Gerety concluded that while the US economy is strong enough to weather storms, the unnecessary volatility introduced by the tariffs will deeply damage investor confidence, disrupt markets, and potentially trigger a recession. The damage will leave lasting scars on the economy.
European and Swiss responses
In the European Union (EU), these trade tensions have led the European Commission to consider countermeasures like a digital services tax (DST). The tax could potentially target US tech and payment giants such as Google, Amazon, Meta, PayPal, and Apple Pay.
The EU has been seeking to reduce dependence on US platforms and promote payment sovereignty through initiatives like the digital euro.
Meanwhile, Switzerland has delayed regulation of large online platforms such as Google, Facebook, YouTube and X. Several well-informed sources told the Keystone-SDA news agency earlier this week that smoldering tariffs dispute with the US was the latest reason for the delay.
The Swiss Federal Council has been looking to regulate tech giants since at least 2023, striving to strengthen user rights and increase oversight. However, the move has been postponed several times.

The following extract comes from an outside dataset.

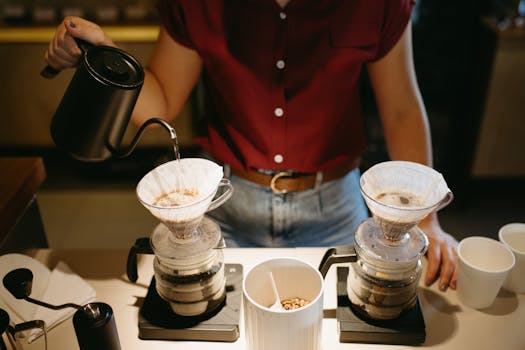 A barista carefully pours water in a café to prepare a perfect pour-over coffee.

President Trump’s tariff announcements on April 02, 2025, triggered massive disruption across global market. Following the news, the S&P 500 Index fell over 274 points or 4.88% on April 03, the second largest daily point loss ever, while the Nasdaq Composite plunged over 1,050 points or 5.97%, the largest point loss in its history.
Across April 03 and 04, US stocks lost US$6.6 trillion in value, the Wall Street Journal reported, their biggest two-day loss in history by a margin of US$2.2 trillion.